PORT MANATEE -- In an effort to try to meet the workforce needs of new businesses coming to Port Manatee, officials representing the port and their school district counterparts met Thursday to brainstorm ways to create a broader, more prepared workforce.
Port Manatee Chair Carol Whitmore led a delegation of port and county officials to the meeting at school district offices.
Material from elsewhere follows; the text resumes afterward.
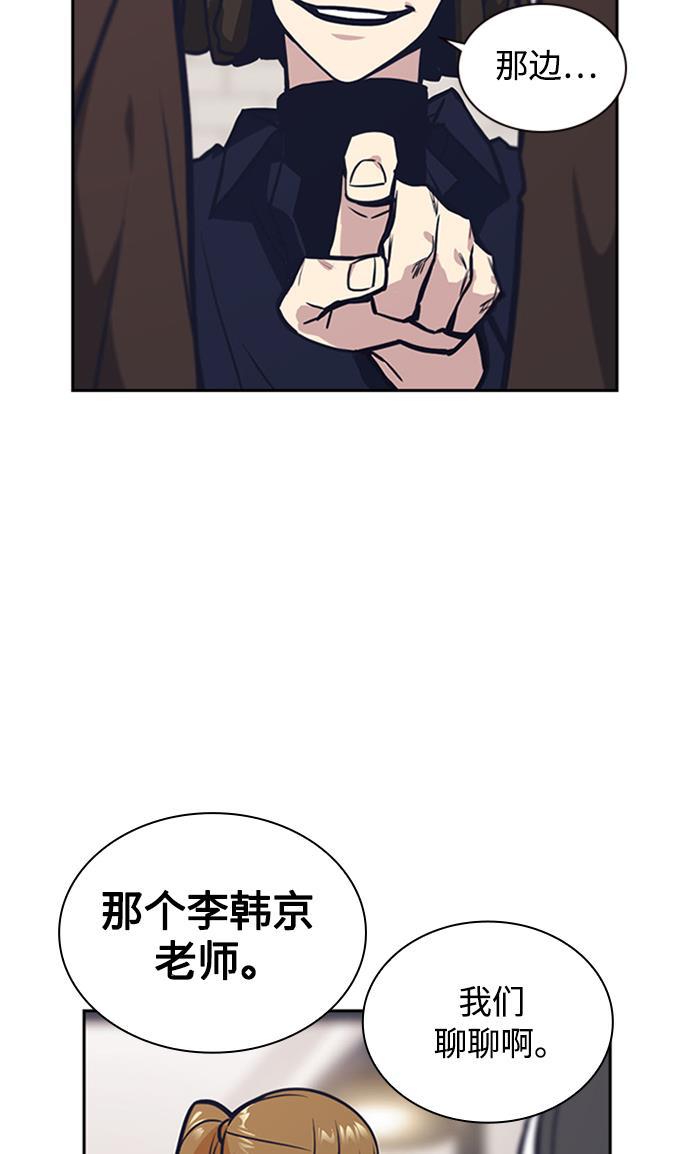 痞子学霸韩漫全集-第44话无删减无遮挡章节图片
Also attending were representatives of the Suncoast Workforce Board.
The group hoped to find ways to ensure a fully trained labor force is ready to work when a bevy of newly recruited companies arrive at the port.
Manatee County School Superintendent Rick Mills described the meeting as "very productive."
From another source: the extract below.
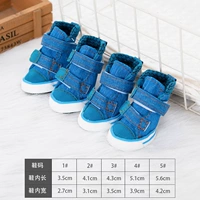 Обувь (синий)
"I think everybody in the room was not only positive, but very excited about it," Mills said. "I think it's a good step in cross coordination, synchronization and greater outcomes for drawing business here and increasing employment opportunities."
One surprise: County economic development officials lacked data the school district maintains on what students are studying, and what certificates they hold, Mills said.
At the next meeting, the school district will pres
ent an overview of its data, Mills said.
"In large part, that's our existing workforce," he noted.
Karen Stewart, Manatee County's economic development program manager, was glad for the chance to chat.
"It's just a chance to open communication about the type of skills necessary for the community to attract businesses, and to ensure we have a workforce that is ready," she said.
"We need to look at skill gaps that might exist, and develop a strategy to fill the gaps," she added.
Manatee County Neighborhood Services Director Cheri Coryea said she would like the school board and Manatee Technical Institute to be part of a bigger initiative to attract businesses here.
Noting that the port has begun to draw big businesses that offer hundreds of new job possibilities in maritime-related trades, coordination with the school district is an essential element, said Port Manatee Executive Director Carlos Buqueras.
"We need a trained labor force ahead of time," he said.